Update: I've done a newer article on this subject at http://log.amitshah.net/2009/04/re-comparing-file-systems.html that removes some of the deficiencies in the tests mentioned here and has newer, more accurate results along with some new file systems.
How should one allocate disk space for a file for later writing? ftruncate() (or lseek() followed by write()) create sparse files, not what is needed. A traditional way is to write zeroes to the file till it reaches the desired file size. Doing things this way has a few drawbacks:
- Slow, as small chunks are written one at a time by the write() syscall
- Lots of fragmentation
posix_fallocate() is a library call that handles the chunking of writes in one batch; the application need not have to code his/her own block-by-block writes. But this still is in the userspace.

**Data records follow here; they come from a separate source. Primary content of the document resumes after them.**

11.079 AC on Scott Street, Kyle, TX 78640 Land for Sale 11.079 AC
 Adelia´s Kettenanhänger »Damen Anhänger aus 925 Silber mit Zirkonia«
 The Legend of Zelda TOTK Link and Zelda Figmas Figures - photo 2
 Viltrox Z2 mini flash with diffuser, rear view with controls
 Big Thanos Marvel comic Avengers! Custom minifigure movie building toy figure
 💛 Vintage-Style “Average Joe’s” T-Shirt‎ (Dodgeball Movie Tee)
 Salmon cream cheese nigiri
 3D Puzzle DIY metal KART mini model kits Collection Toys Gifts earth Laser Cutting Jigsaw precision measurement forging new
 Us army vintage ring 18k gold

Linux 2.6.23 introduced the fallocate() system call. The allocation is then moved to kernel space and hence is faster. New file systems that support extents make this call very fast indeed: a single extent is to be marked as being allocated on disk (as traditionally blocks were being marked as 'used'). Fragmentation too is reduced as file systems will now keep track of extents, instead of smaller blocks.
posix_fallocate() will internally use fallocate() if the syscall exists in the running kernel.
So I thought it would be a good idea to make libvirt use posix_fallocate() so that systems with the newer file systems will directly benefit when allocating disk space for virtual machines. I wasn't sure of what method libvirt already used to allocate the space. I found out that it allocated blocks in 4KiB sized chunks.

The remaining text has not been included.